Note 1. Eshâm should be pronounced as a creticus; also in verses 9, 13, 15. This is a very common vyûha. On the whips as lightning, see Grimm, Donner, p. 27. :
Note 8. I should have taken kitrám as an adverb, like Benfey, if ni ring were not usually construed with an accusative. Ring in the 3rd pers. plur. pres. Åtm. is treated like a verb of the Ad-class. The SV. seems to read yamam, and the commentator explains it by ratham.
Note 8. The locative yaman is frequently used of the path on which the gods move and approach the sacrifice; hence it sometimes means, as in our passage, in the sky. Yamam in BR., s. v. arg, is wrong.
We might also translate: 'Here, close by, I hear what the whips in their hands say; they drive forth the beautiful (chariot) on the road.' See SV. I, 2, 1, 5, 1, comm.
Verse 4. WILSON: Address the god-given prayer to those who are your strength, the destroyers of foes, the powerful, possessed of brilliant reputation.
BENFEY: Singt eurer Schaar, der wühlenden, der strahlenreichen, kräftigen ein gotterfülletes Gebet!
LUDWIG: Eurer künen schar, von blendender herlichkeit, der kraftvollen, soll ein von den göttern eingegebenes brahma gesungen werden.
Note 1. Benfey translates ghrishvi by burrowing, and refers it to the thunderbolt that uproots the earth.
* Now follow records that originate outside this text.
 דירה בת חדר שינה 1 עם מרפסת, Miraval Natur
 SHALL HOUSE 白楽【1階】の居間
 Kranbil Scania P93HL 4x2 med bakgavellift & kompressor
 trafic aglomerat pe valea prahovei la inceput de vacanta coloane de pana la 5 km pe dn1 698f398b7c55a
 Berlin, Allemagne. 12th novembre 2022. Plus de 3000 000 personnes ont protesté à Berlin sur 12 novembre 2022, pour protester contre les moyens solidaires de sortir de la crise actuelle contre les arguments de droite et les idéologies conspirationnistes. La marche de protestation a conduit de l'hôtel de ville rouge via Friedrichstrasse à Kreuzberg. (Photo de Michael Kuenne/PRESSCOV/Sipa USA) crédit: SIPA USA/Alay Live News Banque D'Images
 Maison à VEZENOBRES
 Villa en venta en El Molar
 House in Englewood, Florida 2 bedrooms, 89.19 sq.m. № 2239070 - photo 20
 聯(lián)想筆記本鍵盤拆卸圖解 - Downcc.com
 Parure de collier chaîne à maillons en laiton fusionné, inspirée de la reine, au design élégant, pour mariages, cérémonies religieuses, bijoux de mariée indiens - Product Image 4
He points out that ghrishvi means also, for the same reason, the boar, as proved by Kuhn (Die Herabkunft des Feuers, S. 202). Ghrishti is evidently a common name for boar, the Norse griss, and the god of the wind, Grimair or Grimr, is conceived as a boar, shaking the cornfield, in such phrases as 'Der Eber geht ins Korn' (Gentha, 1. c. p. 14). I prefer, however, in this place the general sense assigned to the adjective ghrtshu and ghrishvi, exuberant, brisk, wild. See Kuhn in Kuhn's Zeitschrift, vol. xi, p. 385. Wilson, after Såyana, translates destroyers of foes. On the representation of the clouds as boars, see Nir. V, 4.